Bei Erkrankungen wie entzündlichen rheumatischen Erkrankungen (z. B. axiale Spondylarthritis), sind chronische Rückenschmerzen ein häufiges Symptom. Meist ist eine Physiotherapie indiziert, alleine oder ergänzend zu Medikamenten. Die Physiotherapie soll eine Stärkung der Muskeln des unteren Rückens fördern, die unter normalen Umständen nicht bewusst kontrahiert werden. Deshalb wird das Training als schwierig empfunden. Aus diesem Grund wird im Rahmen des Vorhabens ein tragbares Ultraschall-System entwickelt, das ein Biofeedback über die Genauigkeit des Trainingsaufwandes in der Physiotherapie liefert. Dazu werden Ultraschallsignale von einem tragbaren Elektronikmodul aufgenommen und nach der Digitalisierung an ein "mobile device" zur Analyse mit Deep-Learning-Ansätze weitergeleitet werden. Dazu soll eine an die Anforderungen des Systems angepasste Elektronik entwickelt werden. Hierzu werden im Rahmen des Vorhabens ein Multiplexer als anwendungsspezifische integrierte analoge Schaltung (ASIC) entwickelt und gefertigt. Dieses ASIC wird in das Gesamtsystem aus Hardware und Software/Algorithmen integriert und evaluiert. Dazu werden die Anforderungen an das ASIC spezifiziert und entsprechende Muster gefertigt. Der ASIC-Entwurf wird danach auf seine Eignung hin untersucht und in das Gesamtsystem integriert. Die Funktionsfähigkeit wird anschließend untersucht. Als Grundlagenarbeit damit verbunden ist die Untersuchung und Optimierung der für den ASIC erforderlichen Komponenten, um die geforderten Leistungsdaten zu erfüllen.

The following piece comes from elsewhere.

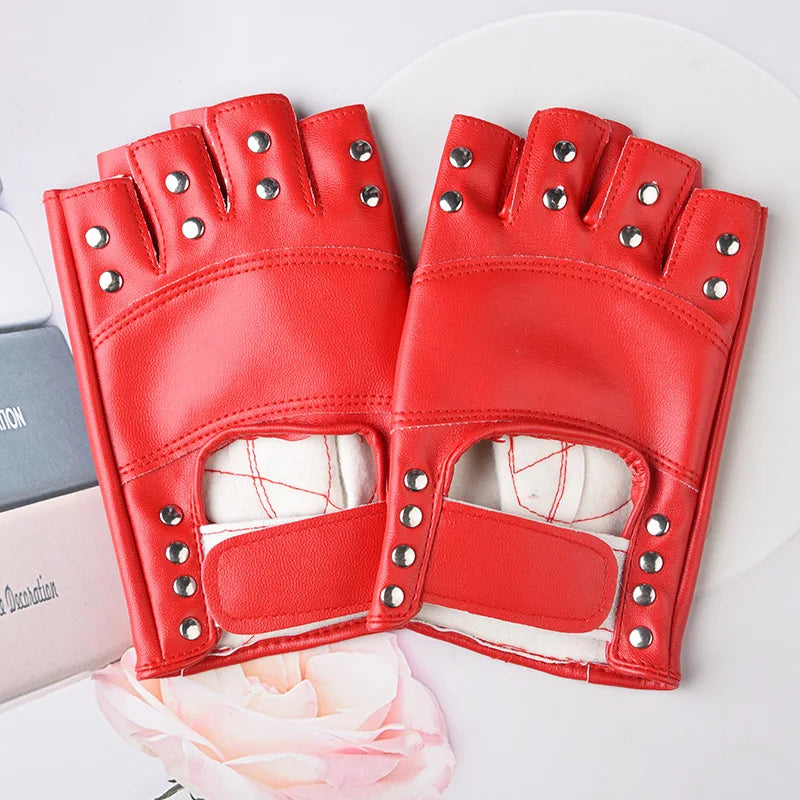 Ein Paar rote Damen-Rigg-Leder-Performancehandschuhe auf einer weißen Oberfläche.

Detektion und Analyse von Muskelkontraktionen in Echtzeit

Förderkennzeichen: 01EC1906F
Gesamte Fördersumme: 79.763 EUR
Förderzeitraum: 2020 - 2024
Projektleitung: Matthias Steffen
Adresse: FUSE GmbH Integrierte Kommunikation und Neue Medien
Großer Burstah 46/48
20457 Hamburg

Detektion und Analyse von Muskelkontraktionen in Echtzeit

Zur Unterstützung der Physiotherapie bei Rückenschmerz soll in ULTRAWEAR ein tragbares Ultraschall- System entwickeln werden, das durch die Auswertung von Ultraschall-Signalen mit Methoden der künstlichen Intelligenz ein Biofeedback liefert, mit dem Patienten bei der korrekten Durchführung von physiotherapeutischen Übungen unterstützt werden können. Dazu werden Ultraschallsignale von einem tragbaren Elektronikmodul aufgenommen und nach der Digitalisierung an ein "mobile device" zur Analyse mit Deep-Learning-Ansätze weitergeleitet. Die Algorithmen sollen dazu aus den für den Laien schwer zu interpretierenden Ultraschalldaten ein einfach zu verstehendes Nutzerfeedback generieren. Das Ziel dieses Teilvorhabens ist es, eine entsprechende Nutzeroberfläche für das System zu entwickeln.